Unraveling Uranium Adsorption Mechanisms on Amidoxime-Modified Multiwalled Carbon Nanotubes Using Statistical Physics

Effective management of uranium levels in soil and water via removal or minimization is imperative for safeguarding both environmental integrity and public health. This study successfully implemented four advanced statistical physics-based adsorption models (monoenergetic monolayer, bienergetic monolayer, trienergetic monolayer and bienergetic bilayer) to accurately describe experimental uranium(VI) uptake onto amidoxime (AO) modified multiwalled carbon nanotubes (AO-MWCNTs) at 298–318 K range. The optimal model, selected through rigorous statistical analysis (R², χ_red², RSS and HYBRID), was deployed to derive essential thermodynamic parameters including entropy, Gibbs free energy and internal energy alongside stereographic metrics. The variations in these relevant factors are carefully inspected in relation to the temperature of adsorption isotherms. Our conducted error quantification procedure identified the single-energy monolayer framework as the most satisfactory and realistic representation of the adsorption data. Moreover, performed numerical analysis demonstrated that the number of uranium bounded by the docking cavity fluctuates in the range of [1.22–0.76] across the temperature range.

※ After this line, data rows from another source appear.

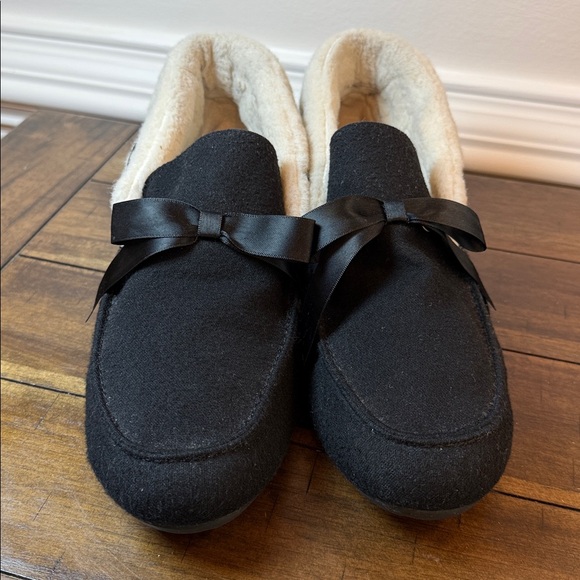 Vionic Men’s Slippers/Loafers Size 11 - Picture 2 of 10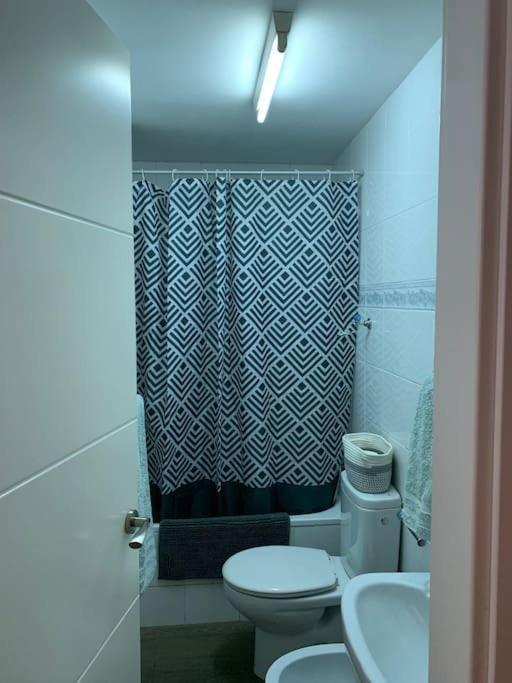 Apartament Apartamento En Carihuela Torremolinos Zewnętrze zdjęcie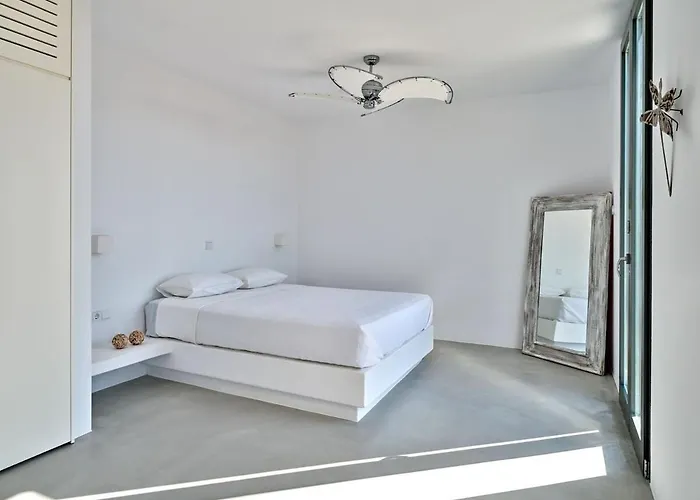 In Paros Nest Kóstos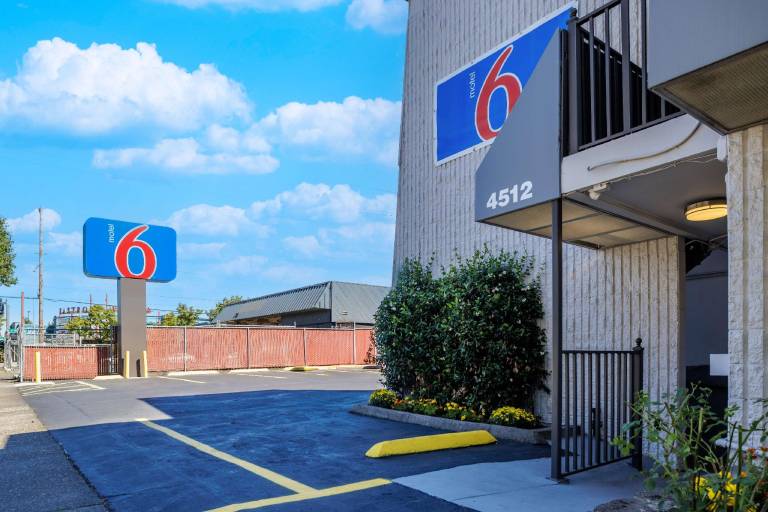 Motel 6 Portland, OR – Southeast — photo 5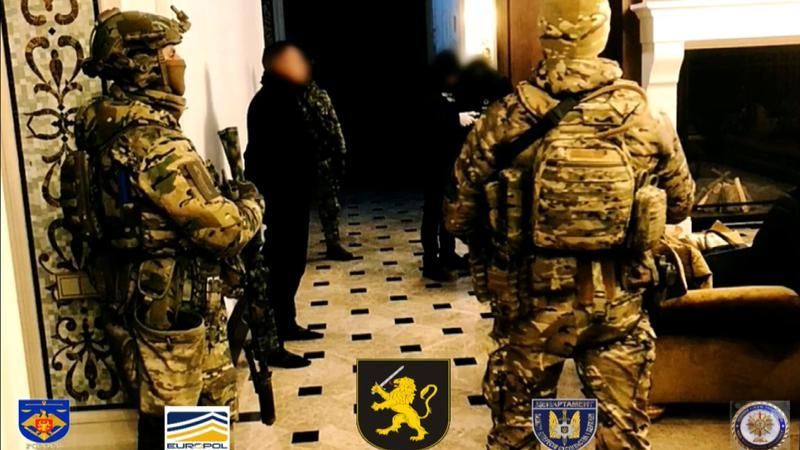 VIDEO | Operațiune de amploare în Moldova și Ucraina: 44 percheziții în dosarul unei organizații criminale cu activitate în Ucraina. Au fost implicați peste 150 de oamenii ai legii din ambele state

As the system’s thermal energy increased, the number of accessible sites per unit mass of the adsorbent was observed to rise and reached 126,788 for T = 318 K. Finally, thermodynamic analysis revealed that the retention process is endothermic while the negative values of Gibbs free energy confirmed the spontaneous nature of the adsorption process indicating its thermodynamic feasibility. Entropy shows two regimes around a maximum: for C < C₁/₂ (≈12 mg/L), disorder increases sharply; beyond the peak, entropy declines, indicating emerging configurational order. The major outcomes of our investigation provide crucial insights and are expected to significantly contribute to minimizing the environmental and health risks associated with uranium contamination.